1 mom found this helpful


answers from Columbia on

Don't play into it. Do your job, be professional and polite.

You're not there to make friends. Do your job and do it well. If you've screwed something up, fix it, apologize and ensure that it never happens again.

If you are required to attend any social activities, stay long enough to greet people, enjoy the meal or games, and leave. Do not drink alcohol and do not say anything that you wouldn't say during work hours.

Some people are gossips and LOVE to start drama. Some people love to find someone to hate. Ignore it all and do exactly what you're supposed to do. You don't have to know why these cackling hens are talking about you to do your job.

1 mom found this helpful


answers from Chicago on

What do you mean by "saying things that aren't right?"

1 mom found this helpful


answers from New York on

Please stop ear hustling. Sometimes what we think we heard wasn't what was said at all. Unless you develop the courage to bring it up right then and there, you will only drive yourself crazy with assumptions about what is being said and how.

I agree with others like OnePerfectOne, Julie S. and Can'tDecide.

Ultimately in the work place part of being professional includes bringing to light things that are done in the dark.

Ask yourself if you genuinely believe your coworkers mean you harm. This may help color how you proceed forward. Use the wisdom of being slow to speak and quick to listen but don't eavesdrop. No good ever comes from that. I hope this helps.

1 mom found this helpful


answers from Los Angeles on

Welcome to the world of employees! I have discovered there are truly very few "adults" in the work place. It is often stressful - wondering if the company will still be there next month. It can be hostile - if you are any good at your job others may feel threatened. It can be lonely - if you are new, others may take a while to warm up to you - or WORSE, fake liking you until they "get to know you" and they "find something wrong".

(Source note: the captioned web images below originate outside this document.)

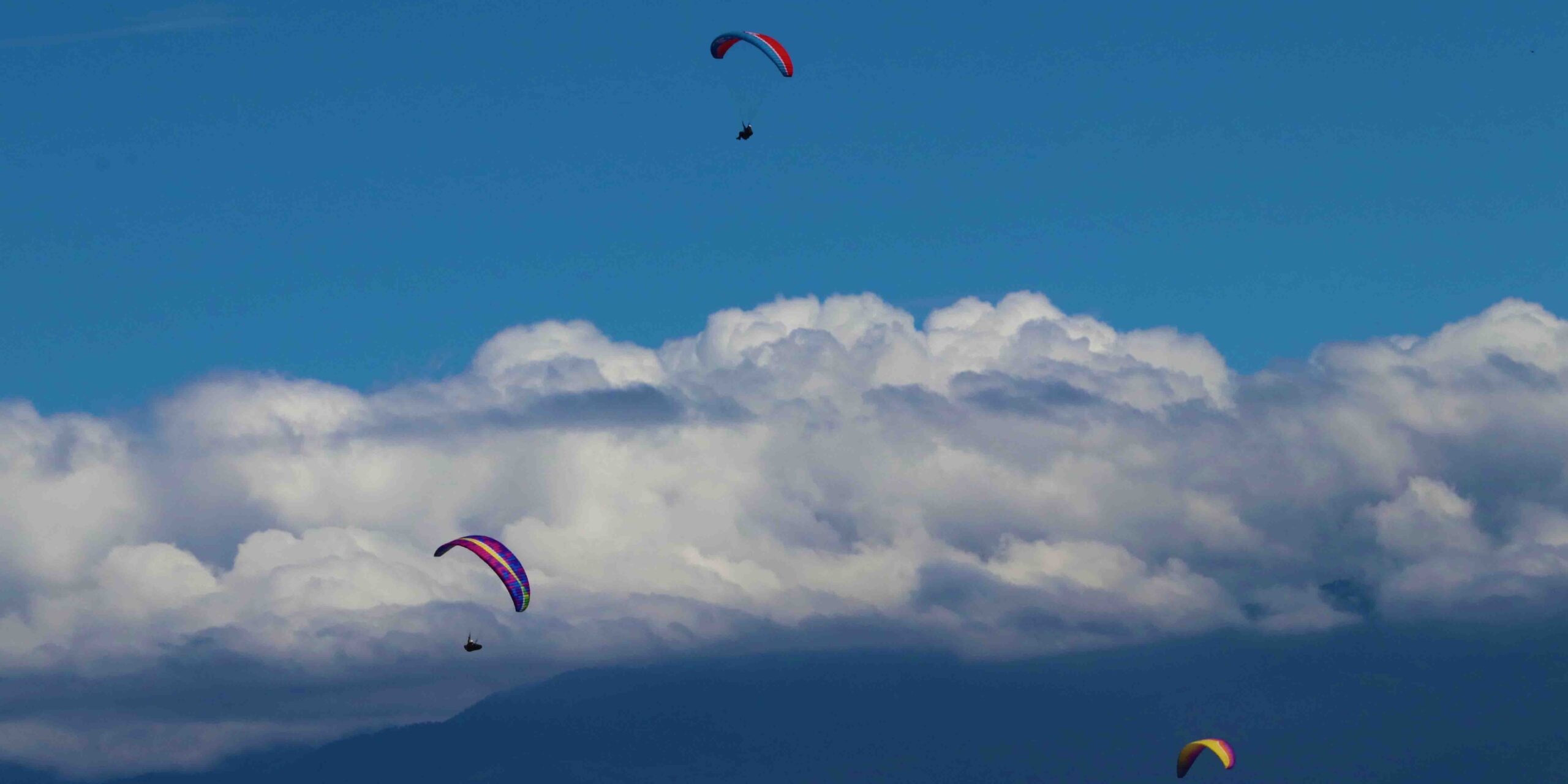 Preparan Alebrijes voladores vuelo con causa | El Imparcial de Oaxaca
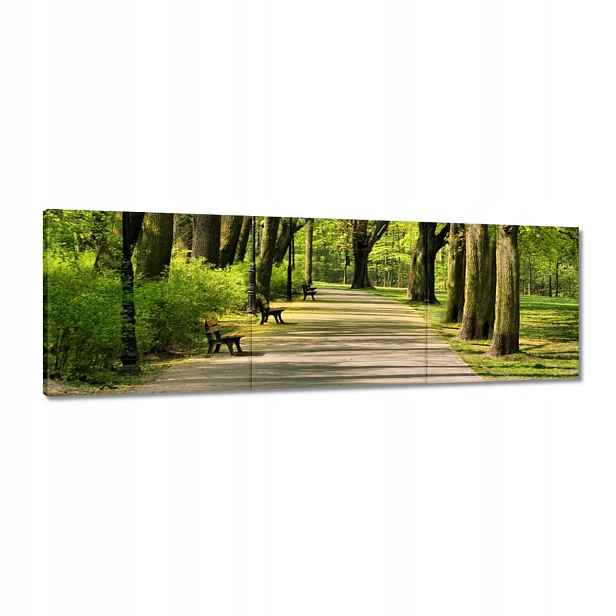 Obrazy 120x40 Park Citadela
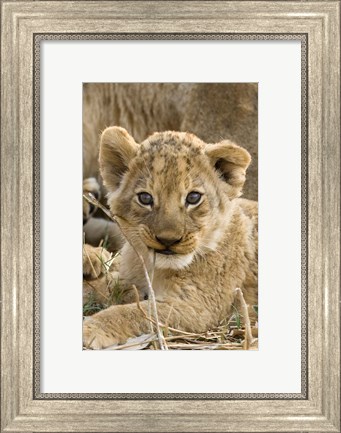 Framed Okavango Delta, Botswana A Close-Up Of A Lion Cub Print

Women are tough, for some reason in the work place they have "something to prove". That is why i left the workplace and started in Network Marketing. This is the ONLY environment where 95% of the women support the other women (oh yes, it's not perfect but it is better). We all help each other grow, we build each other up instead of breaking each other down.

I used to work for someone else, i used to wonder if i was going ot have a job next year. I used to tip toe around my supervisors so I wouldn't rock the boat...then I realized that if I was going to have the life of my own design, I would have to create it. I created that with my network marketing business.

As for approaching it again...your call, what is this job worth to you? Will she be offended and take it out on you? Will she be sympathetic or will she blow it off to "just being busy" again? I always say stand up for what you believe in...and you will never go wrong.